If you are ending your marriage, you know how difficult it can be to split up your assets and debts. Emotions can interfere with logic, yet your future may depend on making smart financial decisions.
Property division is often more complicated in a high-asset breakup. Certain assets are hard to value accurately. You may need to consult a forensic accountant to help gather evidence and information. Here are several classes of assets that may require special knowledge.
In a high-asset divorce, you likely have real estate beyond the marital home. Examples include vacation homes, rental properties and real estate investments. Such assets may have few comparable properties available, so getting an accurate assessment can be challenging.
You and your spouse may have multiple retirement plans, including stocks, mutual funds, 401(k) plans or pensions. Transferring funds from one party to the other may incur penalties. You need to understand the tax implications as well.

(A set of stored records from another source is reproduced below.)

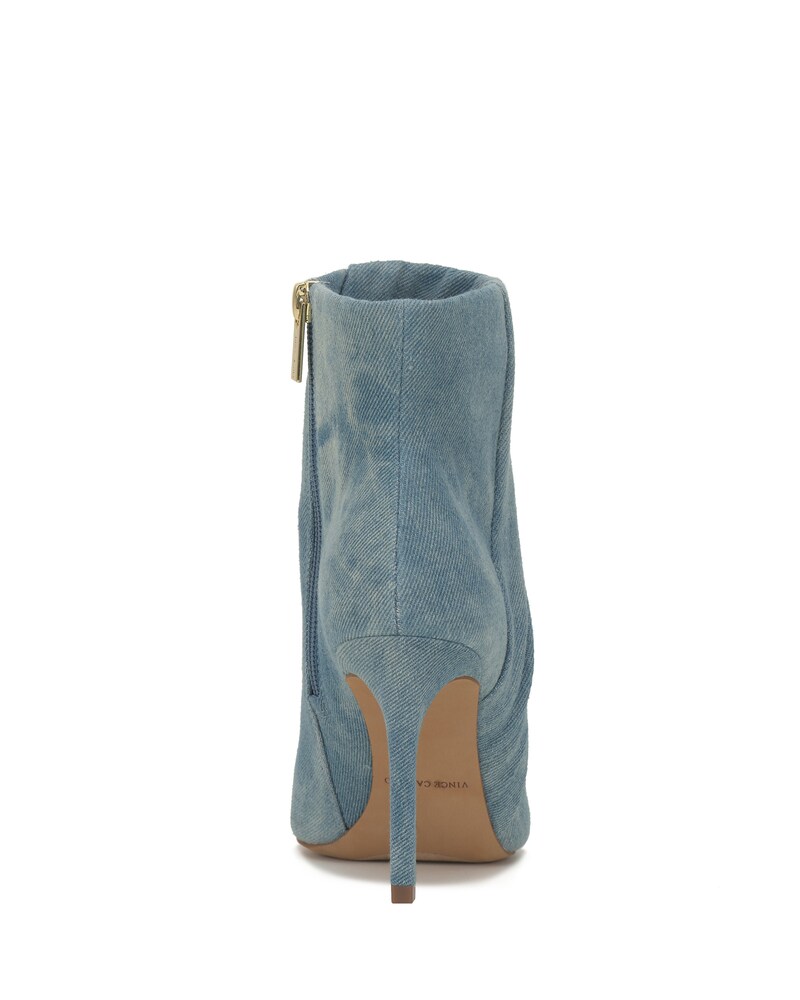 Vince Camuto Atonnaa Bootie Acid Wash Denim ID-GTMC6675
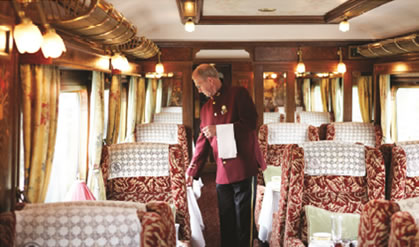 Orient Express To Cheltenham For Gold Cup Day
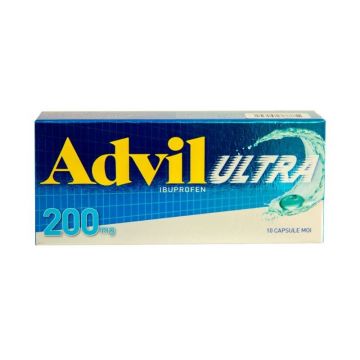Advil Ultra 200 mg 10 capsule moi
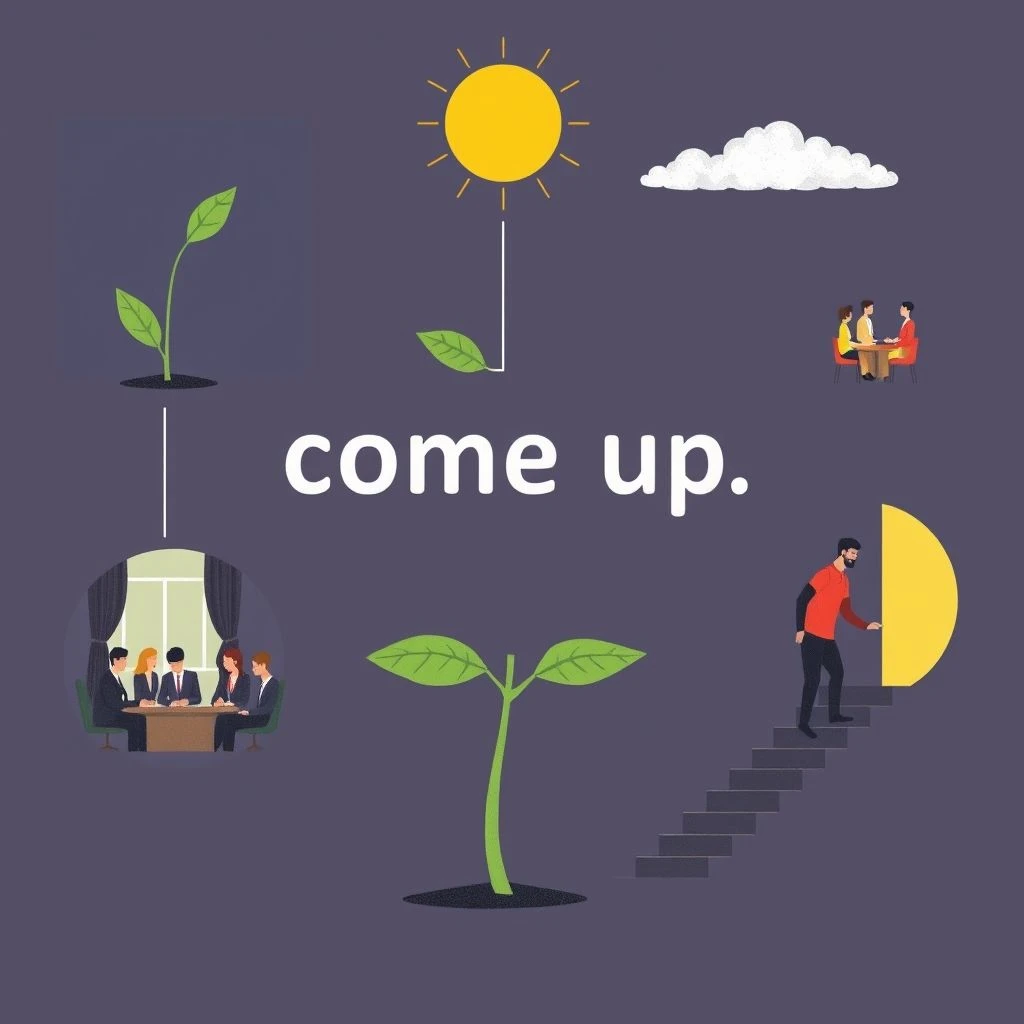 Mastering 'Come Up': An English Phrasal Verb Guide
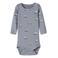 NAME IT BABY romper met print - zachtblauw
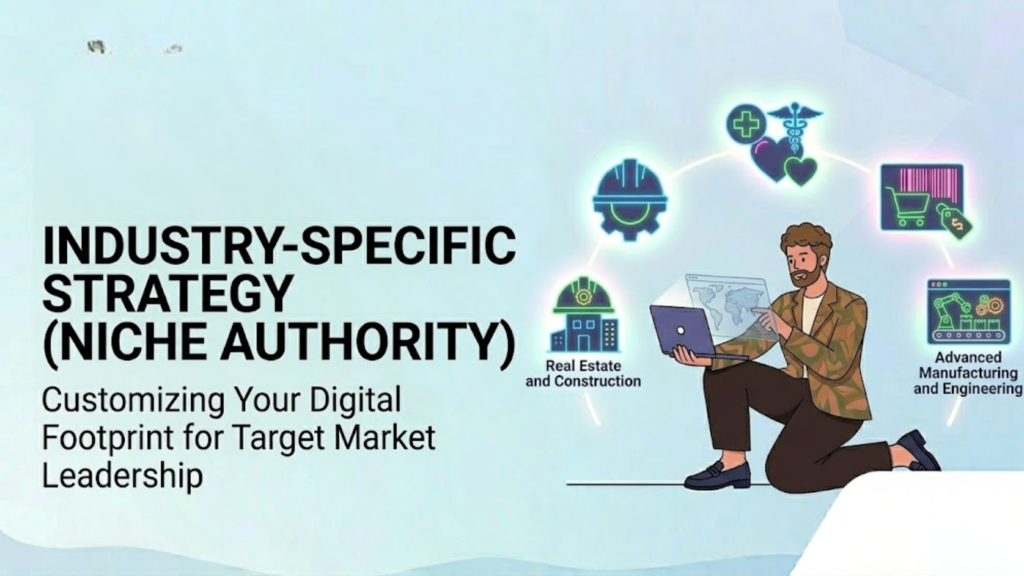 Industry-Specific Strategy (Niche Authority)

Closely held private businesses are much more difficult to value than publicly traded corporations. Private family firms do not need to disclose financial information in filings with the Securities and Exchange Commission. Therefore, calculating their value sometimes requires extensive research.
Personal collections present distinct valuation challenges. You or your spouse may treasure the works of art, classic automobiles or antiques you have amassed over the years. However, their market value may differ greatly from their importance to you. To further complicate matters, each item may be worth much more or less than what you paid for them.
You enjoyed a comfortable lifestyle during your marriage; you want that lifestyle to continue after the divorce. It is crucial to get solid professional advice when so much is on the line.